In the latest of countless reasons why we’re wise to be skeptical about what we accept as factual news stories nowadays, and to be judicious consumers when it comes to determining in which media outlets we invest our time and money, we’re now being asked to believe that Republican Rep. Liz Cheney of Wyoming is being run out of town on a rail by rabid Trumpian Republicans all because she dared to criticize the former president’s claims that the election was stolen.
She is being targeted by Republicans because she “she won’t stay quiet about Donald J. Trump’s election lies,” wrote The New York Times.
CNN explained that her “repeated rebuttals of former President Donald Trump’s lies that the 2020 election was stolen from him has put her in a precarious position within the Republican Party” with Republicans.
And ABC News reported that Cheney, “a vocal opponent of former President Trump’s claims there was widespread fraud in the election, is under fire from her own GOP leadership team.”
The strategy is simple: Associate the Republican Party with the widely reprehended notion that Trump really won in a landslide but his votes were thrown into the garbage while truckloads of phony Biden ballots were smuggled in late at night, and voters are sure to dismiss them as loons and keep the Democrats in power in 2022 and beyond.
Except that’s not the case. There’s a whole lot of middle ground between Trump’s stolen election theory and Cheney’s worldview.
The problem many Republicans have with Cheney stems not from her views on the election’s legitimacy, but rather from her vote to impeach Trump because, as she put it, he “summoned this mob, assembled the mob, and lit the flame of this attack,” referring to the Jan. 6 U.S. Capitol breach.
I’ve consistently condemned that invasion as arguably the most embarrassing day in American history.
Not the most devastating — that distinction can be shared by the invasion of Washington in 1814, Pearl Harbor in 1841 and 9/11 — but those raiders were not Americans.
Perhaps nothing else frustrated the good work Trump accomplished as president more than the optics of treasonous trespassers storming the hallowed halls of our revered Capitol building holding Trump flags, as if they represent the distinguished, respectful and law-abiding overwhelming majority of 74 million Trump supporters.
I strongly criticized Trump for an initial lukewarm response to the invasion. But as there was never any rational basis for impeachment, it is clearly justifiable that Republicans turned on Cheney for her lack of sound judgment; Trump’s stolen election argument is irrelevant.

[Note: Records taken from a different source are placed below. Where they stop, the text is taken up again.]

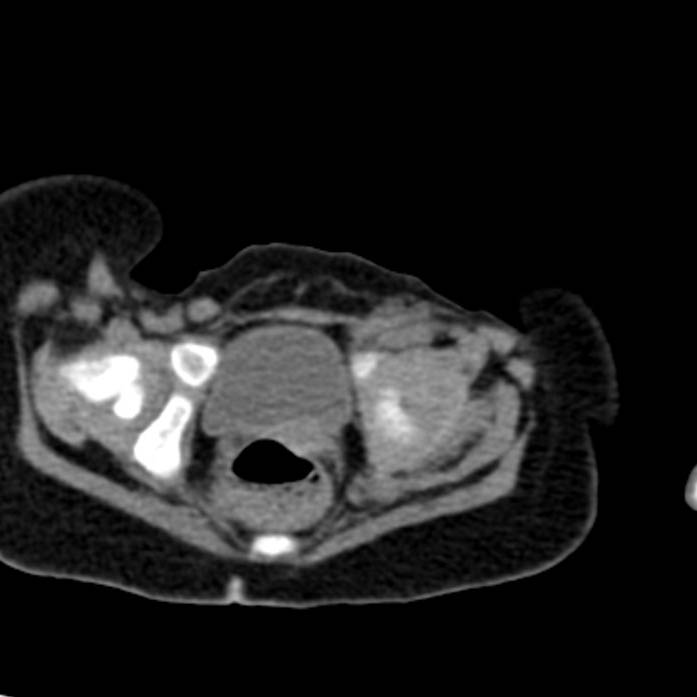 Neuroblastoma with skull metastases (Radiopaedia 30326-30960 Axial non-contrast 58).jpg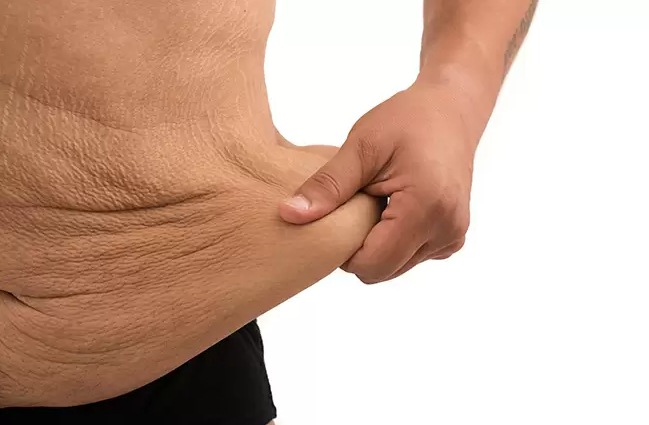 Diferenças entre 'Pó Bariátrico' e Suplementos Comuns - inspiração 1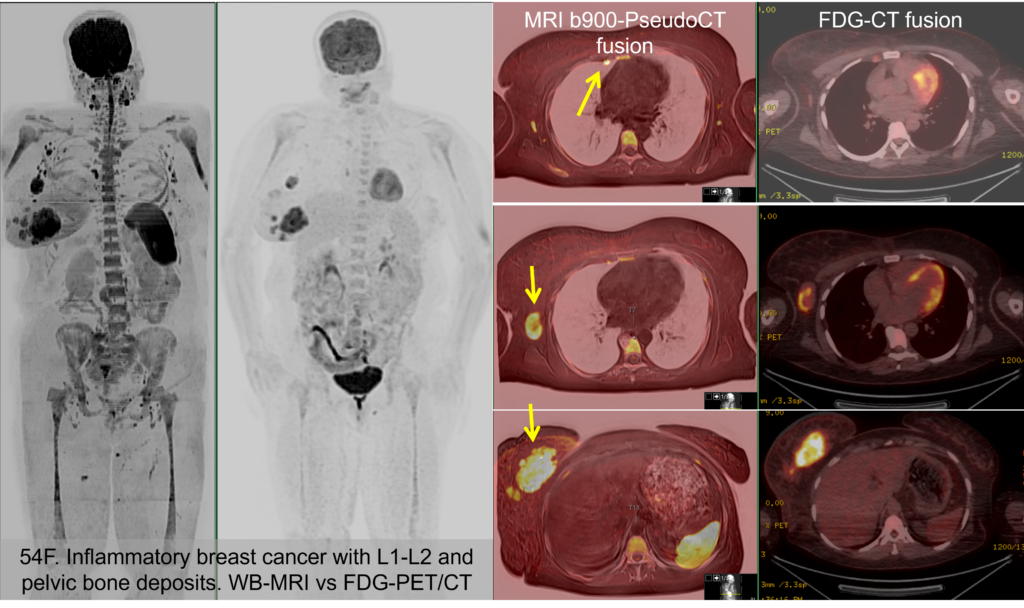 A 54-year-old woman with inflammatory breast cancer and suspected bone disease
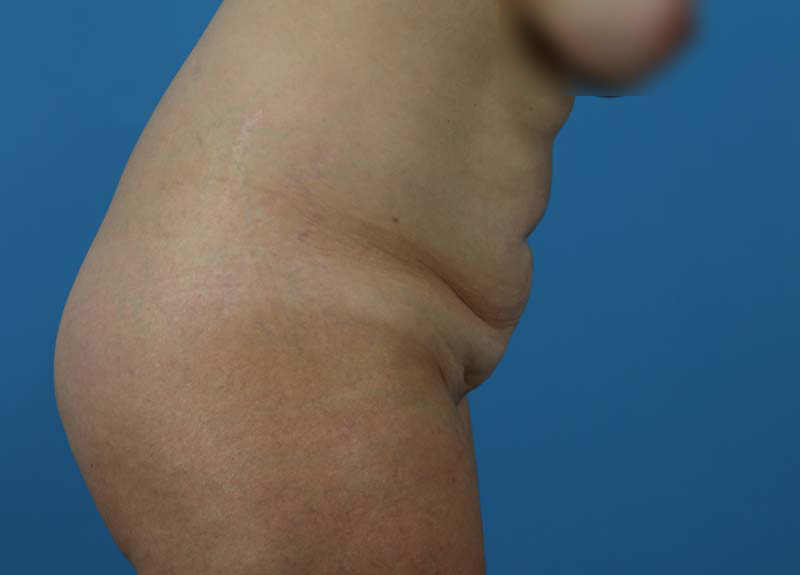 Abdominoplasty Before and After | Dr Evan W Beale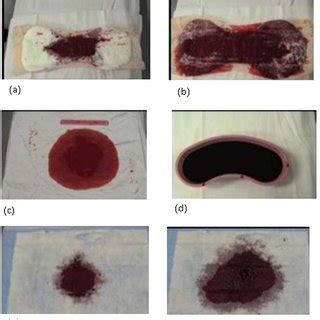 PDF Use Of A Visual Aid In Addition To A Collector Bag To Evaluate Postpartum Blood Loss A
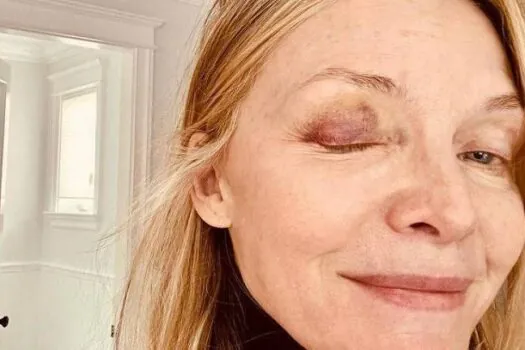 Michelle Pfeiffer aparece com olho roxo; entenda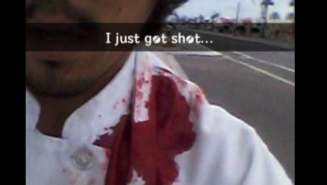 This Mesa Shooting Victim Shared A Picture Of His Gunshot Wound On Snapchat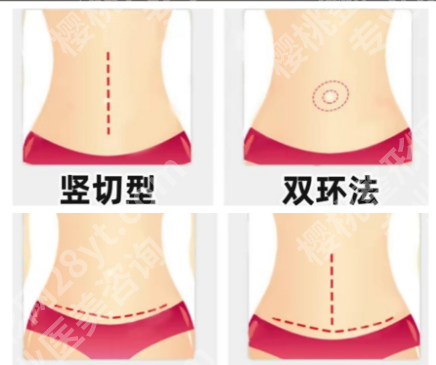 长沙腹壁整形术好的医生是谁？5位公立三甲名医+真实案例，产后妈妈必藏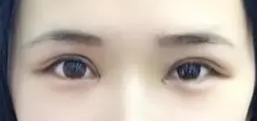 重庆超声波双眼皮成就我的双眼皮心愿544 重庆超声波双眼皮成就我的双眼皮心愿544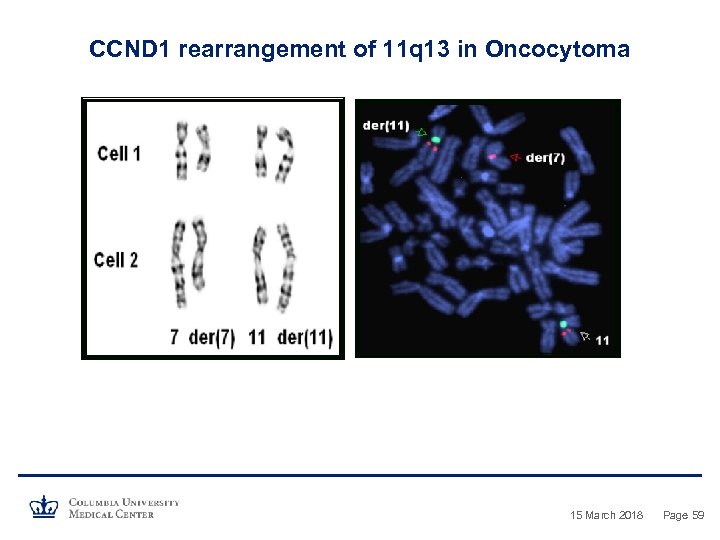 CCND 1 rearrangement of 11 q 13 in Oncocytoma 15 March 2018 Page 59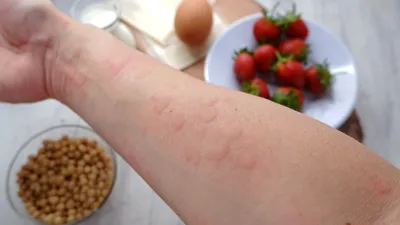 Прыщи аллергии на коже ребенка. Пищевая аллергия Стоковое Фото -  изображение насчитывающей кожа, природа: 203529070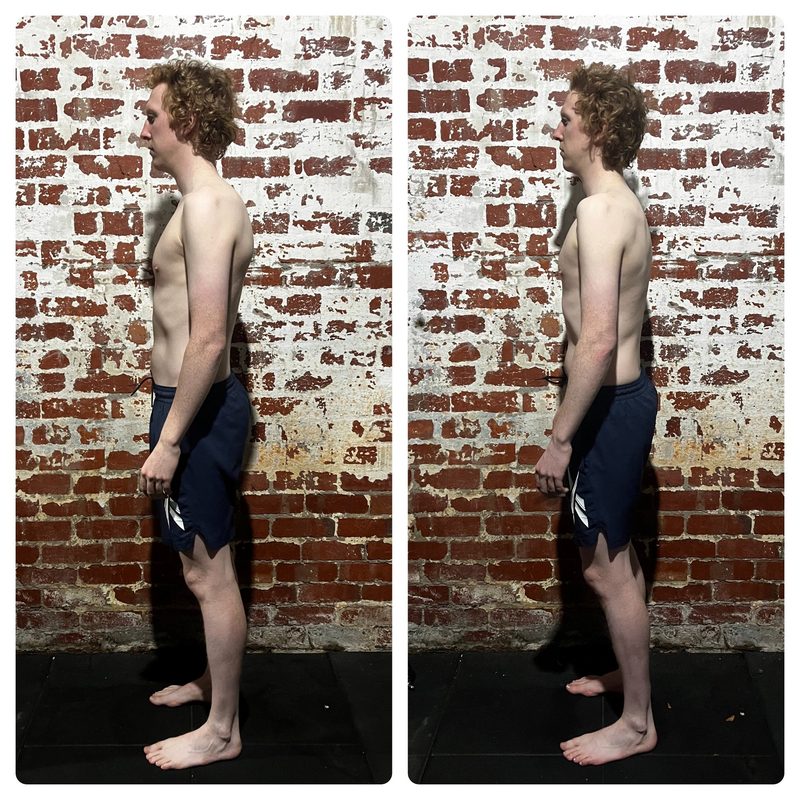 Charlie posture before and after Functional Patterns training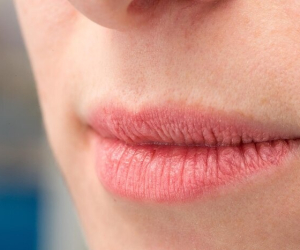 ترک خوردن لب چه دلیل و درمانی دارد؟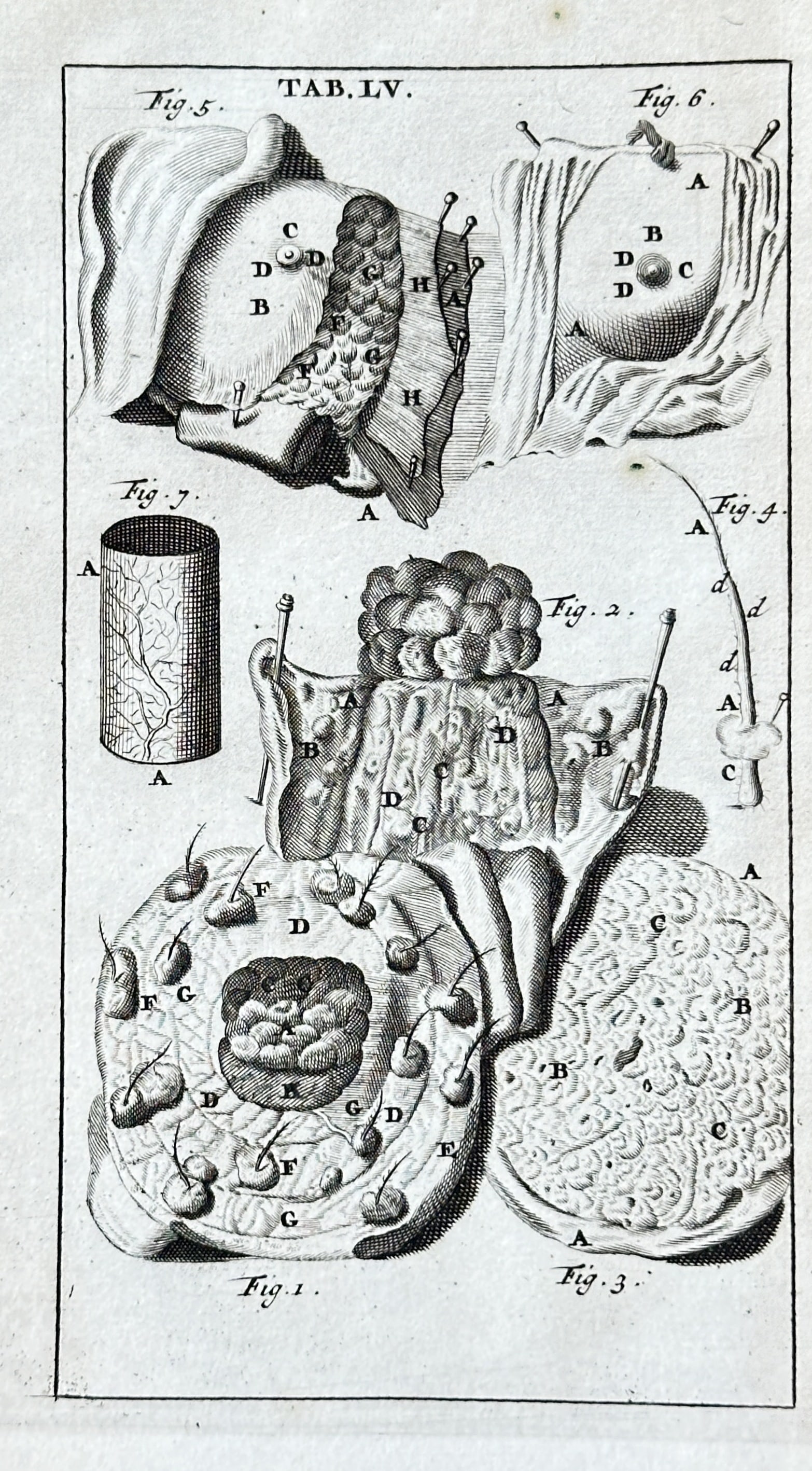 Steven Blankaart (1650–1702) – Anatomical Study, Plate LV – Engraving (circa 1686): This engraving, labeled "TAB.LV," presents a detailed anatomical study focusing on complex biological structures, related to glands or secretory organs. The print features multiple numbered figures, m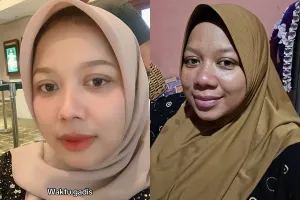 Bak flamingo kehilangan warna pink-nya, ini alasan kenapa wanita alami perubahan fisik usai melahirkan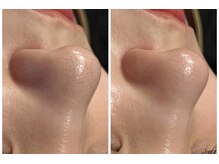 八女整体院/～ハイドラ毛穴洗浄～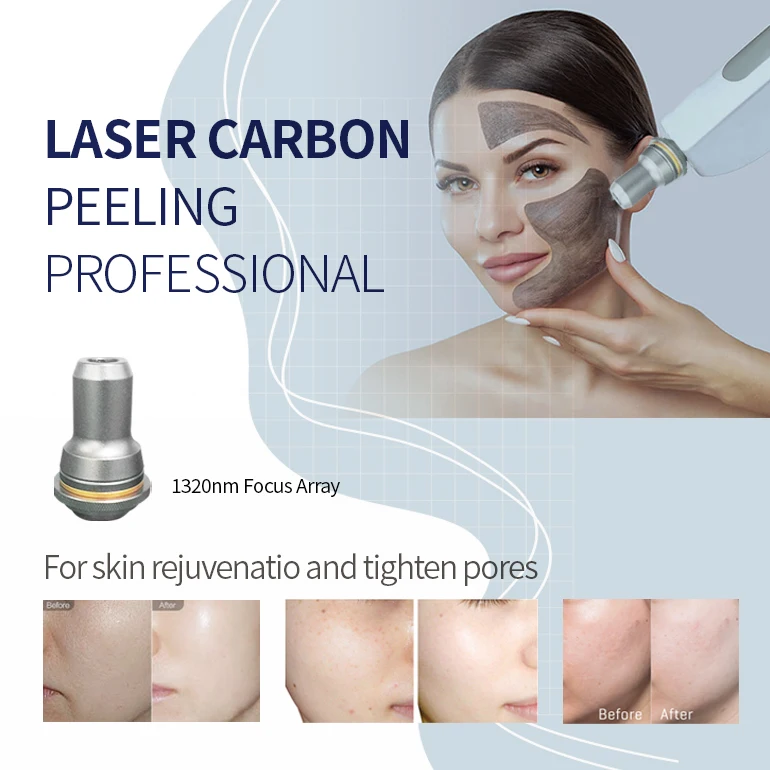2022 Chinese supplier high frequency 4 wave q switch nd yag laser tattoo removal machine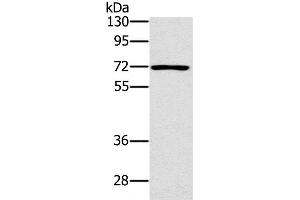 Western Blot analysis of Raji cell using PLS3 Polyclonal Antibody at dilution of 1:400 (Plastin 3 Antikörper)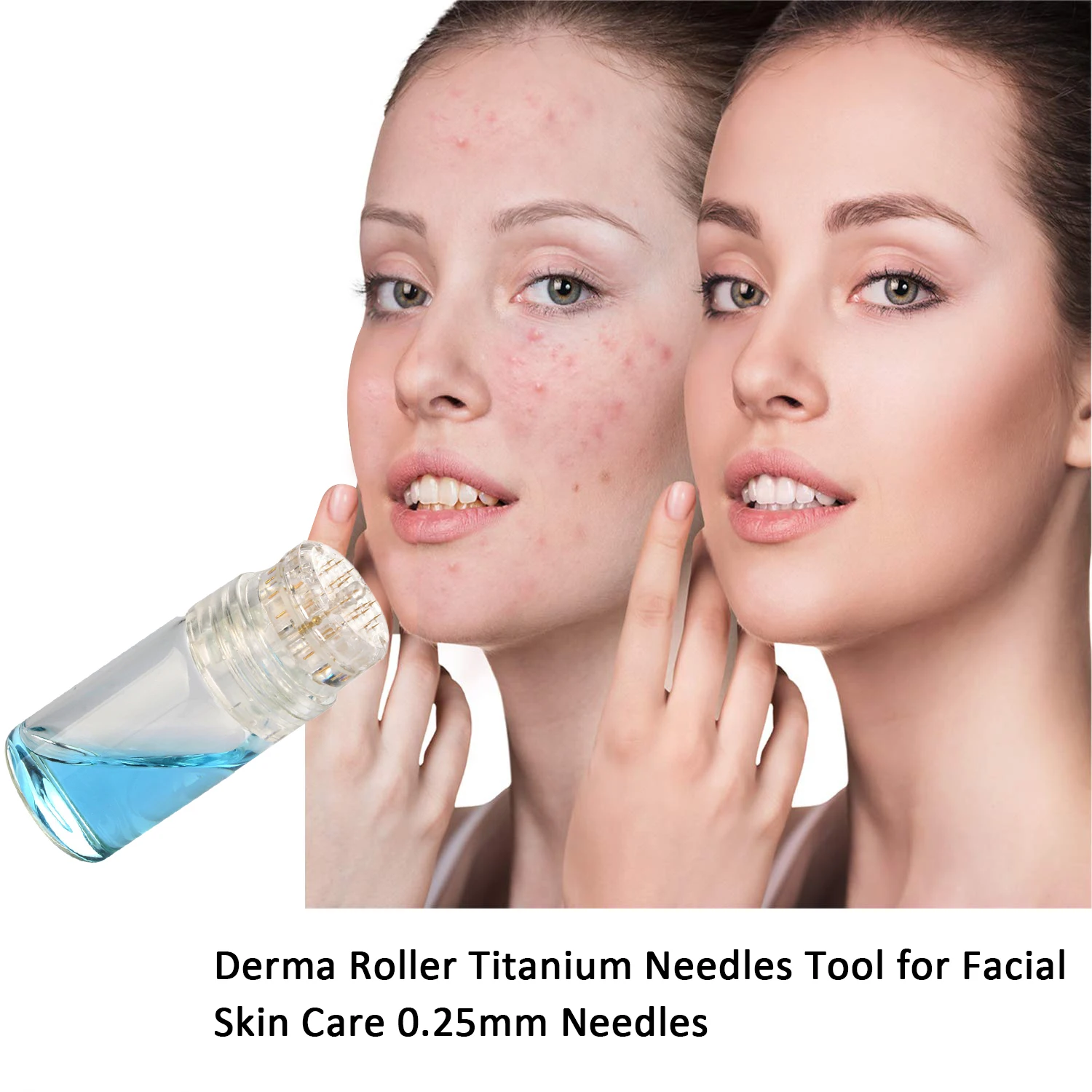 Hydra Needle Titanium needle Tool and Serum Applicator - Cosmetic Derma Roller Tool For Face,Beard Growth- 0.2mm/0.25mm/0.3mm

In hindsight, it’s easy to envision how Trump could have handled his post-election behavior in a more dignified, statesmanlike manner, letting go of ballot-dumping conspiracy theories that Bill O’Reilly, Sean Hannity and The Wall Street Journal editorial board, among countless other right-of-center commentators, long abandoned, without relenting from his justifiable condemnation of renegade state executives making unconstitutional eleventh-hour procedural changes that disproportionately benefitted Democratic voters, not only without their respective legislatures’ approvals but often despite their vehement objections.
Nonetheless, calling an election “rigged” is not likely to incite imminent violence — which is the legal standard for the rare instance when free speech may be curbed — even if it is theoretically possible.
After all, John Hinckley Jr. attempted to kill President Ronald Reagan because he thought that would impress actress Jodie Foster, based on her character in “Taxi Driver,” but that film’s creators, producers and directors weren’t held liable for Hinckley’s actions. Thankfully, but not surprisingly; our country was far saner back in 1981.
If media lackeys possessed the integrity, moral clarity and professional pride to tell the story accurately, readers would be in a better position to understand that there are many other points of view besides 1) the election was stolen, or 2) Trump incited an insurrection.
Here’s a different theory about what motivates Cheney: Her father, former Vice President Dick Cheney, is essentially the poster child of the military-industrial complex.
In one fell swoop, every bit as effectively as President Reagan dismantled New Deal and Great Society big government thinking, President Trump convinced the vast majority of Republican voters that endless foreign entanglements shouldn’t be a way of life. That surely didn’t go over well in the Cheney household.